Afghanistan : les talibans s’emparent de six capitales régionales en quatre jours

Les talibans prennent les villes afghanes les unes après les autres. Le territoire contrôlé par le gouvernement se réduit comme peau de chagrin. Le retrait de Washington apparait de plus en plus comme une catastrophe, pour les Afghans comme pour l’équilibre stratégique de la région.

Plus rien ne semble pouvoir arrêter la grande offensive des talibans : alors qu’il y a quelques jours à peine, ceux-ci ne contrôlaient que des régions rurales, voici que les villes afghanes tombent les unes après les autres entre leurs mains. Ce lundi, c’est Aybak, dans le sud-ouest, qui a été prise, après les capitales régionales Kunduz, Taliqan, et Sar-i-Pul, toutes conquises ce dimanche. La veille, c’était Chéberghân, la capitale de la province du Djozdjan, à l’est, près de la frontière turkmène. Et les combattants islamistes menacent maintenant Mazar-i-Sharif, la quatrième plus grande ville du pays, avec ses 693.000 habitants. Et qui se situe, elle, à l’extrême-nord de l’Afghanistan.

A lire les comptes-rendus, on pourrait croire que les talibans sont partout à la fois. Et c’est bel et bien le cas : selon les cartes du projet médiatique The Long War Journal, le gouvernement officiel et l’armée ne contrôlent plus que le centre du pays et une pincée de districts éparpillés dans l’est. Kaboul, la capitale, et les grandes villes de Kandahar et de Herat sont isolées par une ceinture de zones contestées par les insurgés.

Source : The Long War Journal

Le joug des seigneurs de guerre

Au rythme où les talibans rétablissent leur contrôle sur le pays, 20 ans après avoir été chassés du pouvoir par une coalition menée par les États-Unis, on peut se demander si le gouvernement afghan officiel a encore la moindre chance de se maintenir au pouvoir. Le président afghan Ashraf Ghani compte réarmer les diverses milices du pays, souvent tribales, afin qu’elles soutiennent l’armée régulière. Une situation qui n’est pas sans rappeler la guerre civile des années 90, où de nombreux camps se livraient à un jeu de conflits et d’alliances pour la suprématie. Jusqu’à la victoire quasi-totale des talibans en 1997.
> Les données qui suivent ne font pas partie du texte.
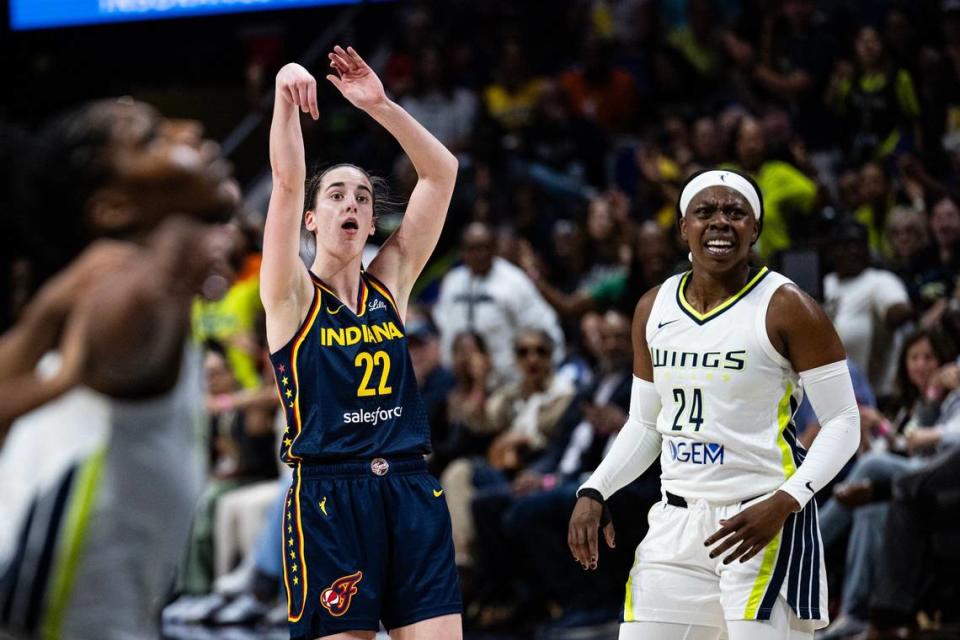 Indiana Fever guard Caitlin Clark (22) takes a shot over Dallas Wings guard Arike Ogunbawale (24) in the first quarter of a WNBA preseason game against the Dallas Wings at College Park Center in Arlington on Friday, May 3, 2024.
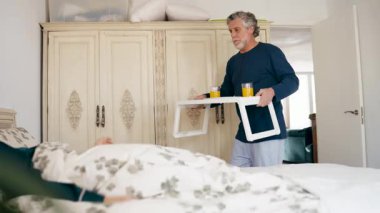 Bakıcı yaşlı koca karısına yatakta portakal suyu ile kahvaltı tepsisi getiriyor. Romantik sabah sürprizi ve aşk işareti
Le retrait des forces de l’Otan en général, et américaine en particulier, lui sera vraisemblablement fatal, et l’Afghanistan risque bien de rebasculer sous le joug des seigneurs de guerre islamistes. Une catastrophe pour beaucoup d’habitants, qui fuient massivement les zones occupées.

L’inquiétude des pays voisins

Mais aussi pour les pays frontaliers, qui craignent la contagion islamiste au sein de leurs propres frontières. Avec des réactions diverses. La Chine semble préférer négocier avec des envoyés talibans. Tandis que les anciennes républiques soviétiques frontalières, Turkménistan, Tadjikistan, Ouzbékistan, renforcent leur armée. Les chefs d’État de ces trois pays, ainsi que ceux du Kirghizistan et du Kazakhstan se sont rencontrés à Avaza [Turkménistan] le 6 août dernier. Sous l’égide de Moscou, qui a annoncé le déploiement de bombardiers Tu-22, capables d’emporter 12 tonnes de munitions, en Ouzbékistan.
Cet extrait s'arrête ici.